Maldonado bagatelizuje kraksę z Perezem

Wenezuelczyk sądzi, że był to zwyczajny incydent wyścigowy.
08.07.1216:06
Nataniel Piórkowski
1596wyświetlenia

Pastor Maldonado zbagatelizował swą kraksę z Sergio Perezem podczas wyścigu na torze Silverstone.

Krótko po tym, jak Perez wezwał FIA do podjęcia stanowczych kroków wobec Wenezuelczyka, ten umniejszył znaczenie kolizji. Nie sądzę, że wiele się wydarzy. To był incydent wyścigowy. Byłem zaraz po wyjeździe z boksów, miałem zimne opony i próbowałem bronić swej pozycji. Perez starał się zamknąć mi drogę i znaleźliśmy się bardzo blisko siebie - powiedział.

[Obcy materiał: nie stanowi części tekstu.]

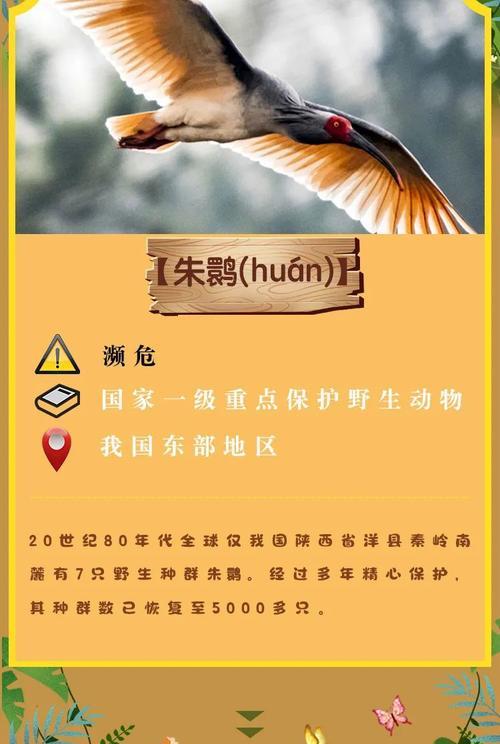 珍惜生命，关注动物——一个小女孩与动物的故事（从宠物到野生动物，她用自己的方式爱护它们）
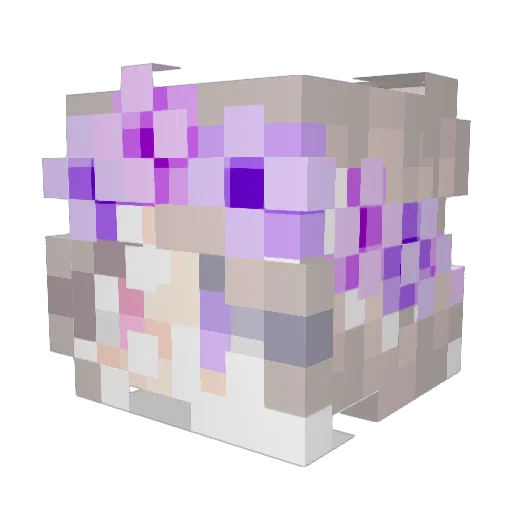 IlS0LATl0N Minecraft avatar head, 3D render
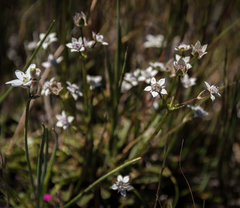 Alepidea pusilla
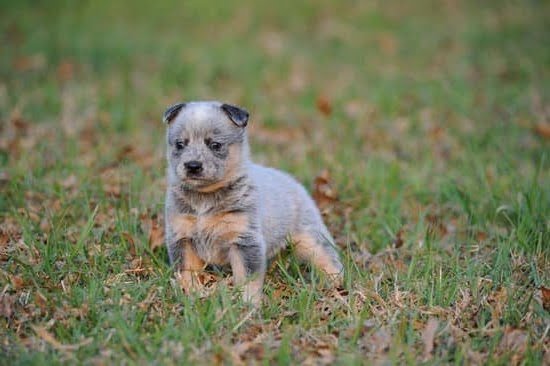 When Can You Train a Dog for Search and Rescue When Can You Train a Dog for Search and Rescue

Później straciłem kontrolę nad tyłem samochodu i nieco niefortunnie doszło do kontaktu, który zepsuł wyścig nam obu. Ta część mistrzostw jest do zapomnienia. Przed nami jeszcze wiele wyścigów i mam nadzieję, że będziemy mogli nadrobić stracone punkty także w drugiej części sezonu - dodał.